FIG. 4A is a diagram illustrating an exemplary implementation scenario of detection of vertically oriented alphanumeric text on a vehicle exiting from a warehouse, in accordance with an embodiment of the present disclosure. FIG. 4A is described in conjunction with elements from FIGS. 1, 2, and 3. With reference to FIG. 4A, there is shown a vehicle 402 exiting from a warehouse. The number of cameras installed at different gates of the warehouse are configured to capture images of both sides of the vehicle 402 as well as rear side of the vehicle 402. The trained text detector 116 (of FIG. 1) is configured to identify the region-of-interest from the captured images, comprising alphanumeric text including the vertically oriented alphanumeric text. The identified region-of-interest is cropped and passed to the ensemble of two different text recognition models, such as the first text recognition model 118A and the second text recognition model 118B. Each of the first text recognition model 118A and the second text recognition model 118B is executed on the cropped portions and orthogonally rotated cropped portions to determine one or more text strings available on the vehicle 402. The determined text strings represent USDOT number 2097888 and the carrier's name as ‘trucking’. The determined text strings also include vertically oriented alphanumeric text string represented as ‘22301’ which is a trailer number.

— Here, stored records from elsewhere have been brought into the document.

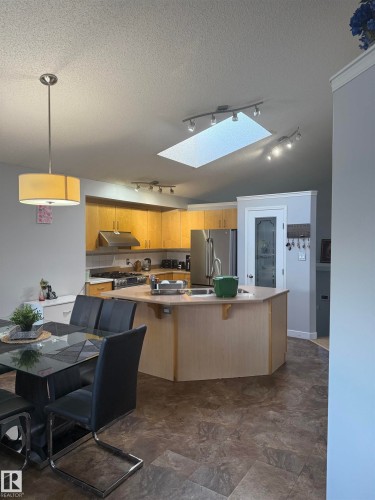 Spacious kitchen with a central island, light wood-finish cabinetry, and stainless steel appliances - 124 Ward Crescent Nw Nw, Edmonton, AB 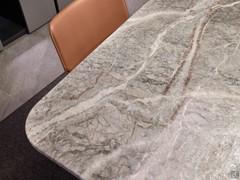 Detail of polished Fior di Pesco marble, one of the stones available for the Tenso table top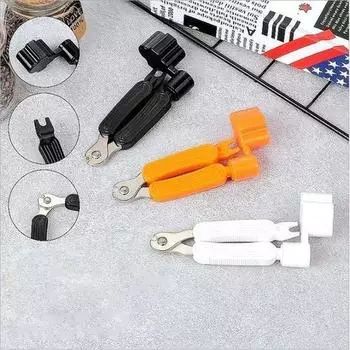 Три в одном: многофункциональная катушка для смены струн на гитаре чёрный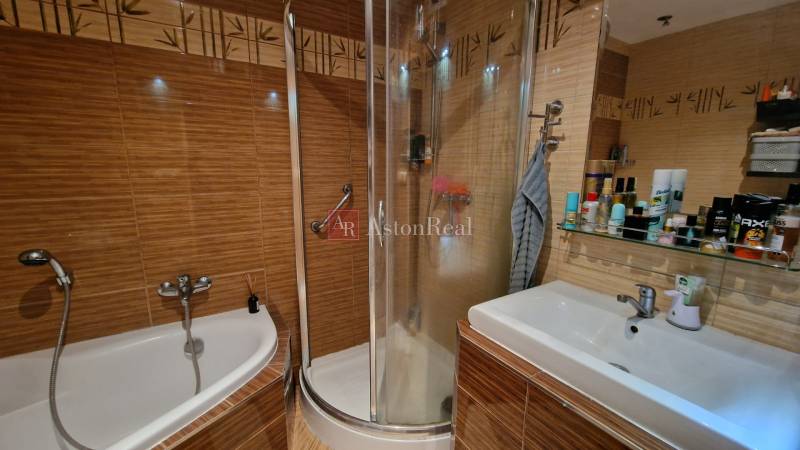 Fürdőszoba egy háromszobás lakásban káddal, zuhanyzóval és mosdóval.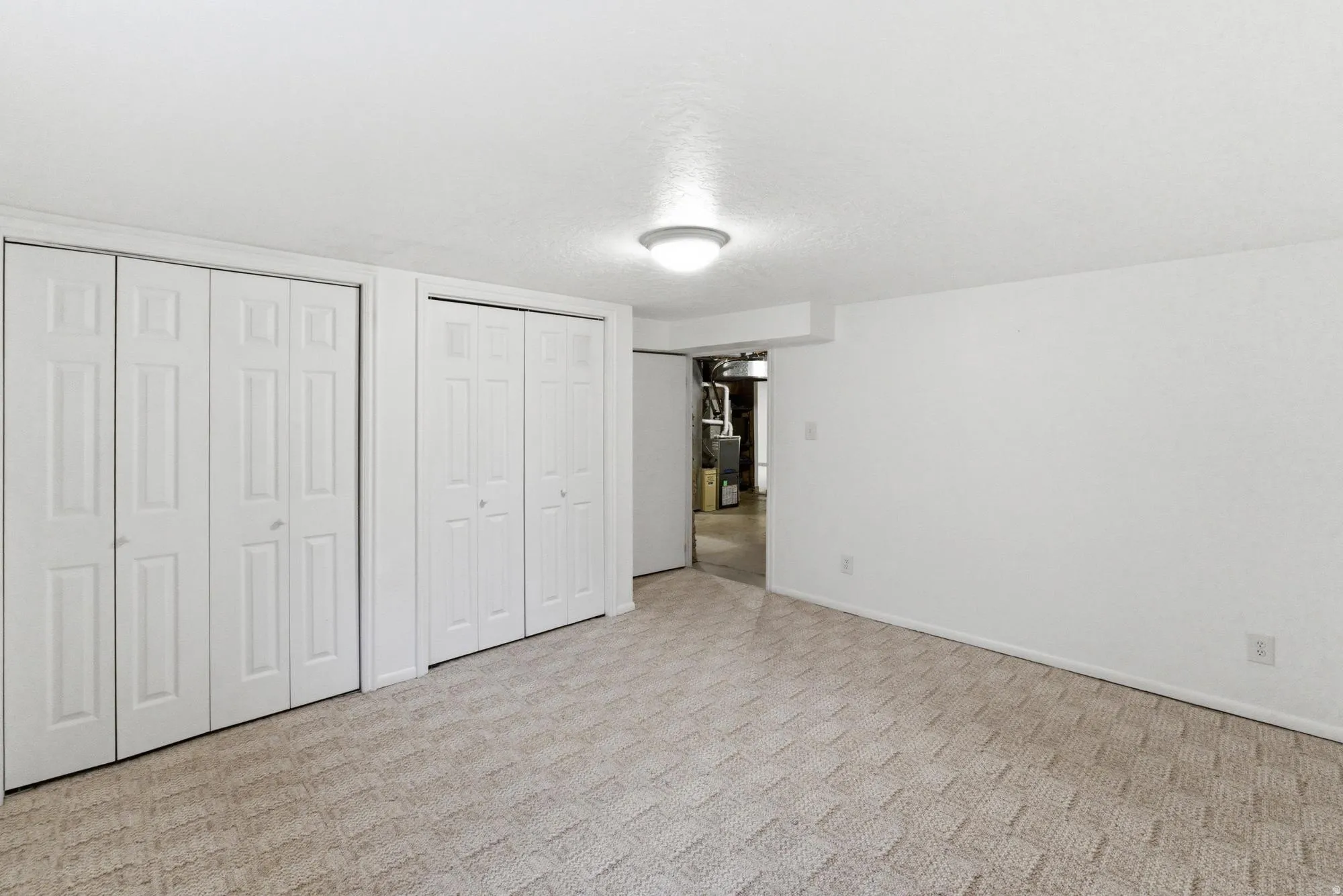 Carpeted room featuring multiple bifold closet doors, a flush-mount ceiling light fixture, and white painted walls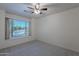 Bright bedroom with large window and neutral carpet at 1491 W Blue Ridge Way, Chandler, AZ 85248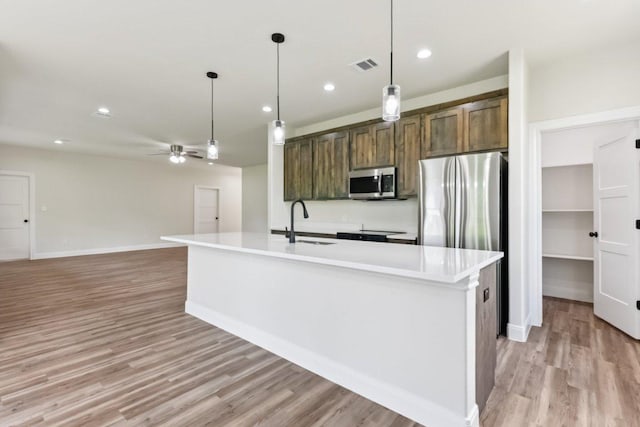 130 Mokalau Dr, Bastrop, TX 78602 - kitchen featuring appliances with stainless steel finishes, light wood finished floors, a ceiling fan, light countertops, and an island with sink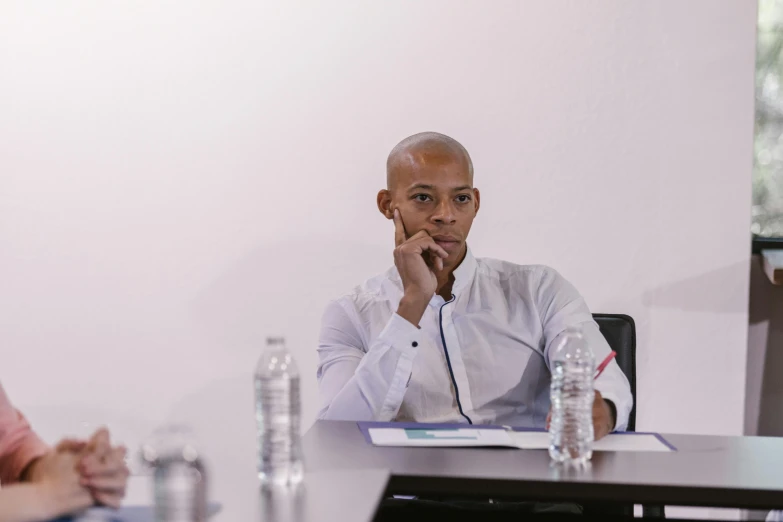 a man in a white shirt sitting at a table, in a meeting room, jemal shabazz, high quality upload, aida muluneh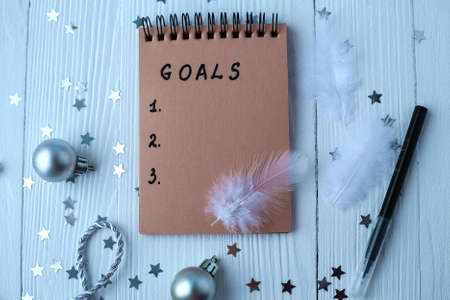 A Notepad on a wooden table near the Christmas tree. Notebook to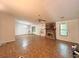 Spacious living room featuring a stone fireplace, neutral paint, and ample natural light at 1228 Reilly Ln, Clarkston, GA 30021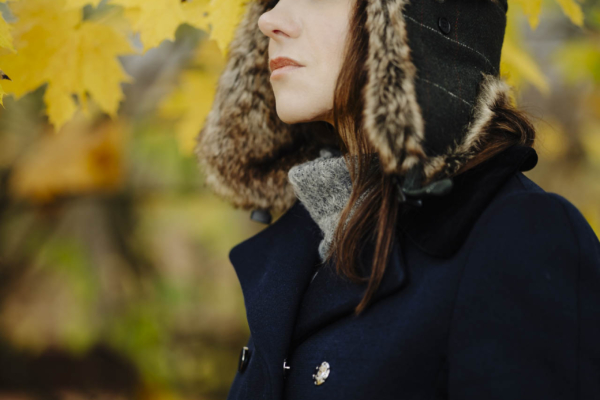 Anna w zimowym stroju, stojąca na tle alejki w toruńskim parku, w nastrojowym świetle popołudnia.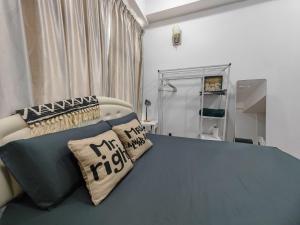 a bedroom with a bed with pillows on it at Suite U Studio D'Perdana Wifi Netflix in Kota Bharu +6 photos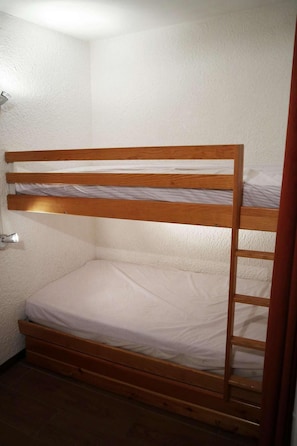 A bunk bed with a wooden frame and white bedding in a room with white walls and a tiled floor.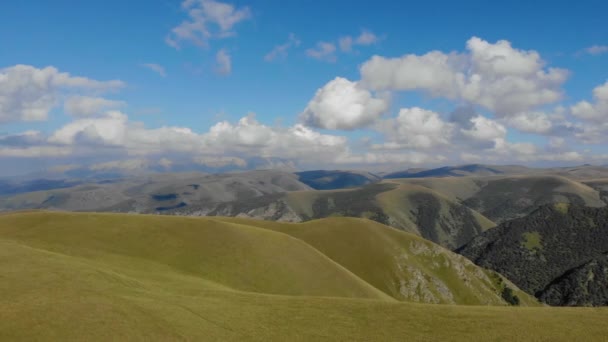 从空中俯瞰穿过Elbrus地区高加索山脊的公路。汽车站在绿色草地中间的路上.游客们欣赏山景.太阳照亮了高山的最高峰 — 图库视频影像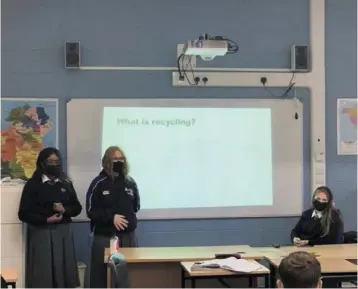  ??  ?? Members of the Dundalk Grammar School group teaching a class about recycling as part of their project.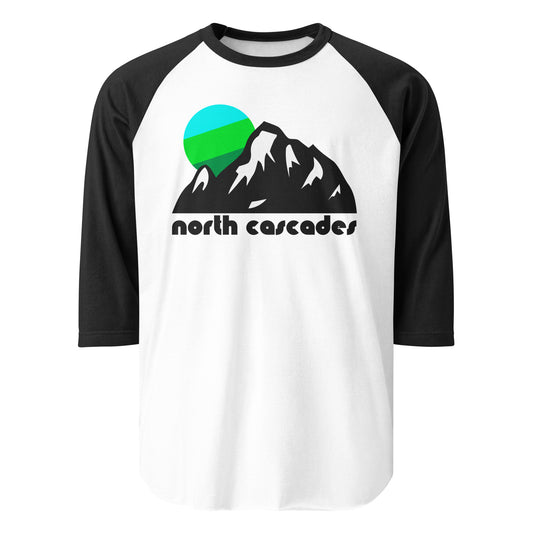 A black and white three quarter sleeve retro raglan style shirt that says "north cascades" underneath the image of multiple mountain peaks with snowy sides and a radiant tricolored sun in greens and blues. References Washington's Cascades  Range and North Cascades National Park, a tourist destination for hikers and skiers.  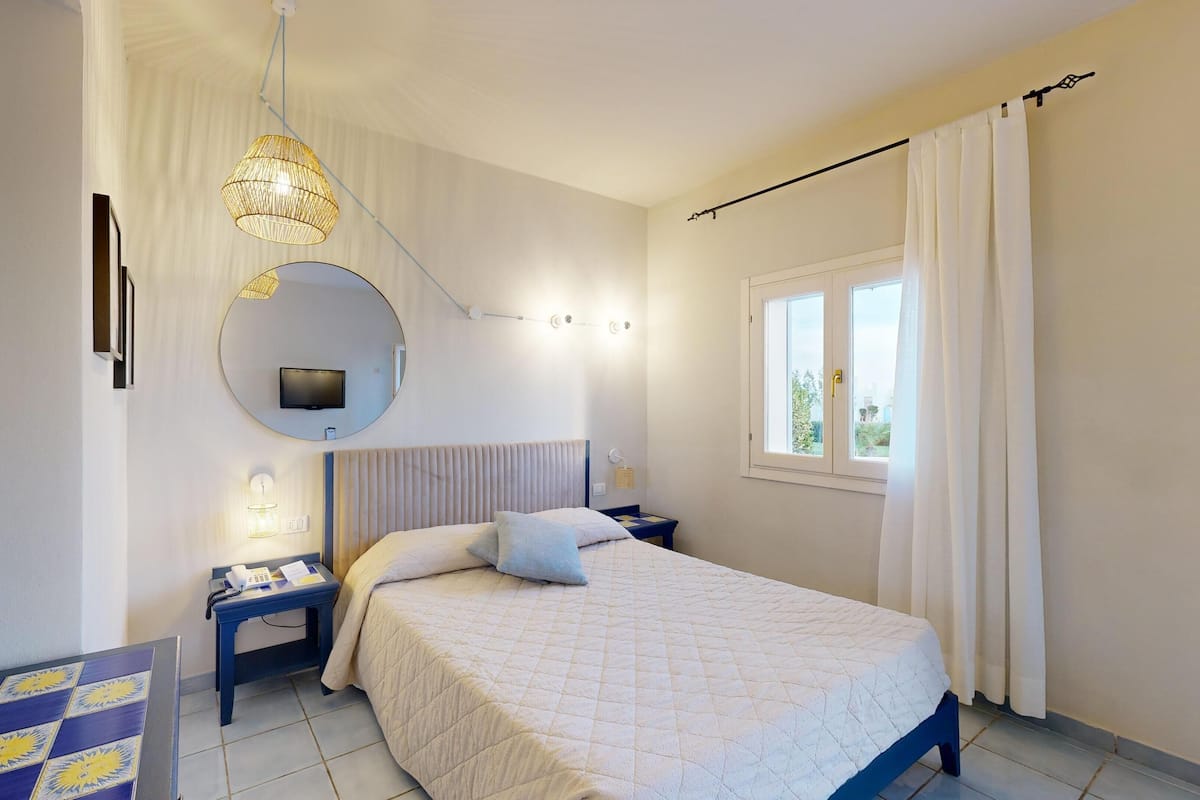 A bedroom with a bed, bedside tables, a TV, a window with curtains, and a wall-mounted mirror.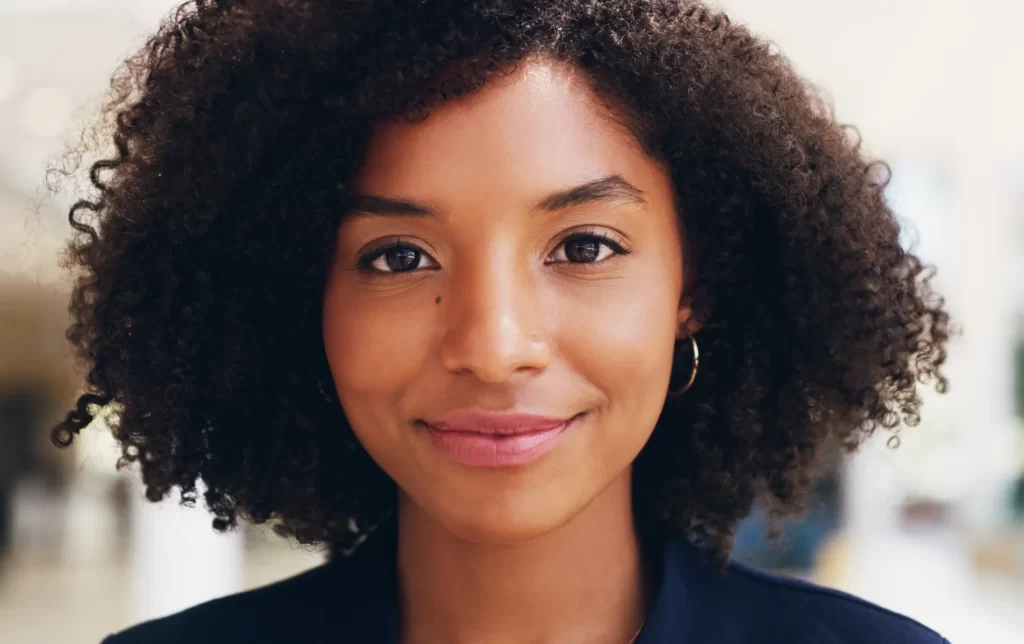confident woman smiling in a professional setting utc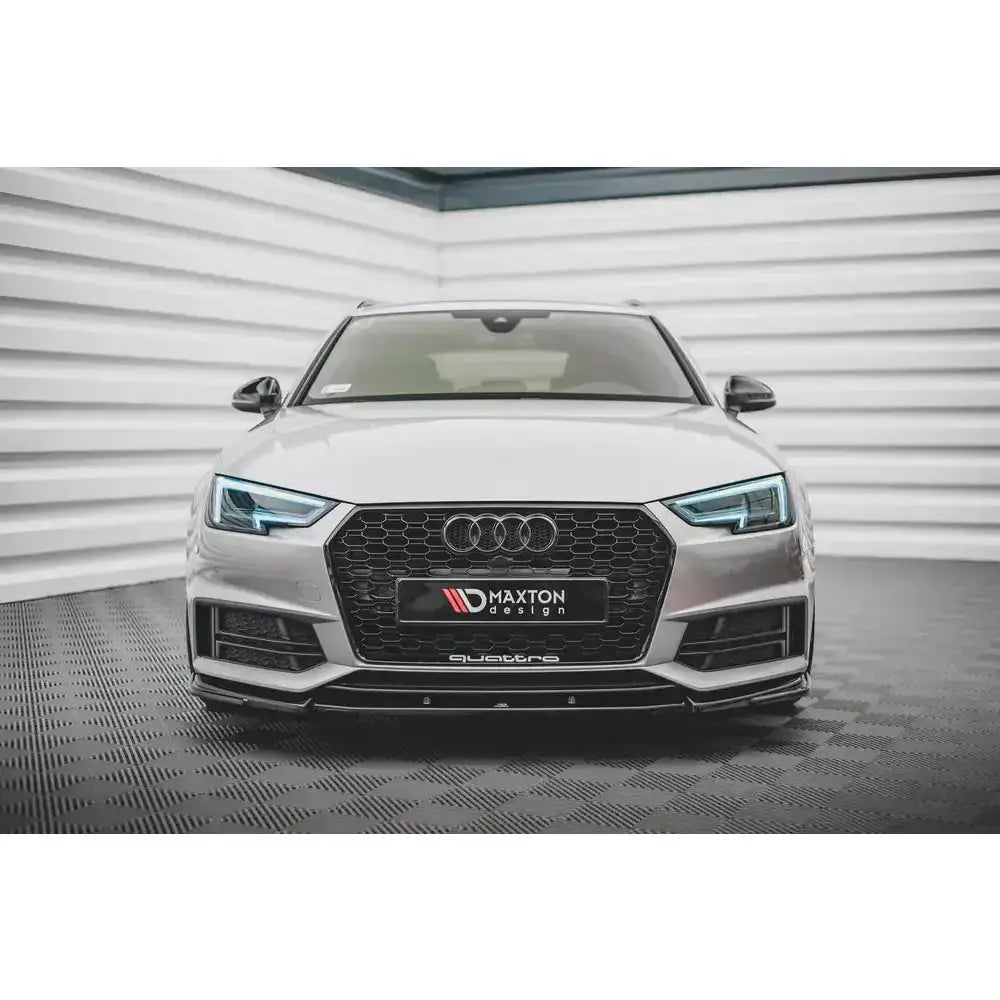 Spoiler på Audi S4 B9 med svart grill og blå LED-lykter, sett forfra i lyst rom.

FIG. 4B is a diagram illustrating an exemplary implementation scenario of detection of vertically oriented alphanumeric text on a vehicle exiting from a warehouse, in accordance with another embodiment of the present disclosure. FIG. 4B is described in conjunction with elements from FIGS. 1, 2, 3 and 4A. With reference to FIG. 4B, there is shown the vehicle 402 exiting from the warehouse. On the rear side of the vehicle 402, the information, such as VIN number as ‘2882’ and the carrier's name as “trucking” is identified by the trained ensemble of the first text recognition model 118A and the second text recognition model 118B. The process of identifying the alphanumeric text including horizontal as well as vertically oriented text available on the rear side of the vehicle 402 is same as that of identifying the alphanumeric text including horizontal as well as vertically oriented, available on both sides of the vehicle 402, as described in detail, for example, in FIG. 4A.
FIG. 5 is a flowchart of a method for recognizing vertically oriented alphanumeric text in images, in accordance with an embodiment of the present disclosure. FIG. 5 is described in conjunction with the elements of FIGS. 1, 2, 3, 4A and 4B. With reference to FIG. 5, there is shown a method 500 for recognizing vertically oriented alphanumeric text in images. The method 500 includes steps from 502 to 514. The processor 110 of the server 102 is configured to execute the method 500.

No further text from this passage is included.